Forming and Managing a Board of Directors
There are many interesting sessions. I was torn between Forming and Managing a Board of Directors and How the CEO Affects Firm Culture. Finally, I went to Forming and Managing a Board of Directors. The following people are on the panel:
Todd Masonis of Plaxo, Heidi Roizen of Mobius Venture Capital, Carol Sands of Angels’ Forum, and Jim Watson, of CMEA Ventures. Travis Nelson was the moderator. They gave very good suggestions for selecting a board of directors:
- Size of board of directors should be relevant to the company’s.

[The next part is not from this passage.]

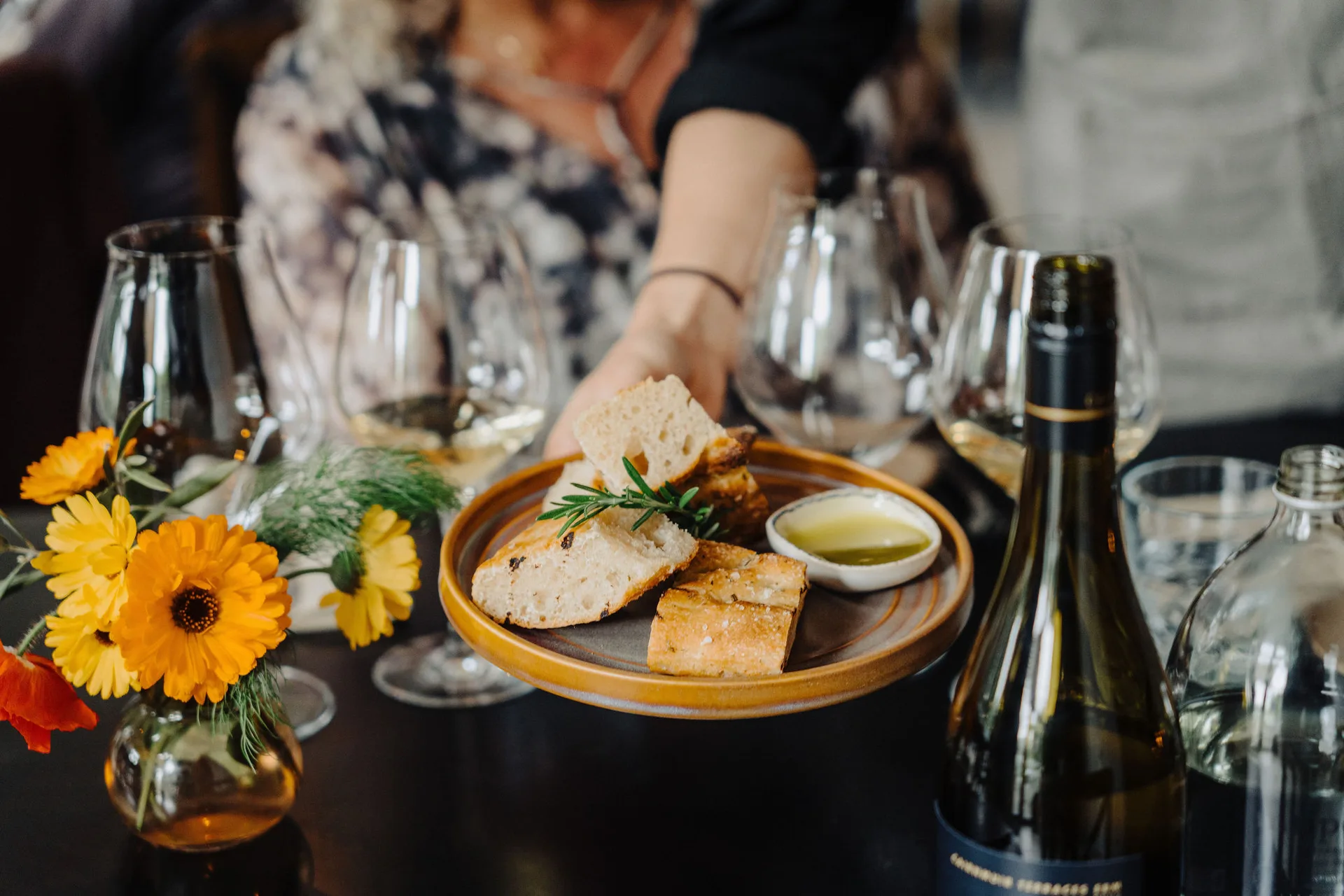 Carrick Winery Restaurant — food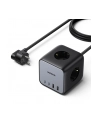 UGREEN DigiNest Cube Power Strip (3 AC outlets + 65W 2A2C) - nr 15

Normally between 3-5 people, with ideal size of 5 people.
- Never have more than 3 VCs on the board
- Outside directors are crucial because they bring in outside eperspectives
- Do not have more than one employee on the board for the reason that board will discuss many sensitive issues such as compenstion, aquisition, etc.
- Select the board members carefully and make sure to check credentials, looking for someone who is willing to put the time.
- Set the term limit for board menbers (except VCs). Usually, two year is a good term
- CEO is responsible to keep the board informed. There should be no surprise at the board meetings.
- The number 1 reason that CEO gets fired is that he/she let the company run out of cash.
The Lunch Keynote
The lunch keynote speaker is Donna Dubinsky, who co-counded Handspring with Jeff Hawkins. This is my first time to hear Danna speak. She appears to me a very straight forward and competent. Her topic was Lessons of an Entrepreneur:
Lesson 1: It’s All about the Team. Donna stressed that it is very important to have good and right people on board. One of the major reasons that Palm succeeded at the first place is that they have star employees.
Lesson 2: You Can’t Row Straight with on One Paddle. You should always have multiple options. For example, doing financing and acqusition at the same time.
Lesson 3: Stratgies Don’t Move Mountains. Bulldozers Do. No matter how good you are at strategies, if you cannot execute, it doesn’t matter at all.
Lesson 4: Ignore Sunk Costs. If you made a mistake yesterday, you should move on today, rather than trying to saving yourself from that mistake.
Lesson 5: Managing by How Things Are, not by How You Wish.
In the end, Donna suggested that three partners are more stable than two partners. From my gut feeling, I believe this makes sense.
The Early State Sales Force
The afternoon sessions include Path to Liquidity from Abroad, Build A Management Team, and Build an Early Stage Salesforce. I think the Early Stage Sales Force was very helpful. Chuck Devita of Growth Process Group was the moderator. The panelists are Steve Blank, Janet Chaffin from Velosel, and Scott Edgington from Voltage Security.
An important take-away for me from this session is to have a parallel process for product development and customer development in the early stage. The customer development process includes customer discovery – customer validation – customer creation – company creation. It’s important for the founder/CEO to get facts outside. The sale force is the main engine to generate revenue for the company. Normally, it cost 10% of company’s revenue to compensate the sales people.
At the end of session, Chuck talked about Sales Management Process Model. It starts out with company’s goals, linking with the sales compensation and sales cycle model, and then it goes to funnel development and pipeline for each of the 4 quarters. I thought this is a very powerful sales management model. I would like to refer it back in the future.
Good description of the event. I would like to attend in 2006 if it is conducted. Probably will meet you them.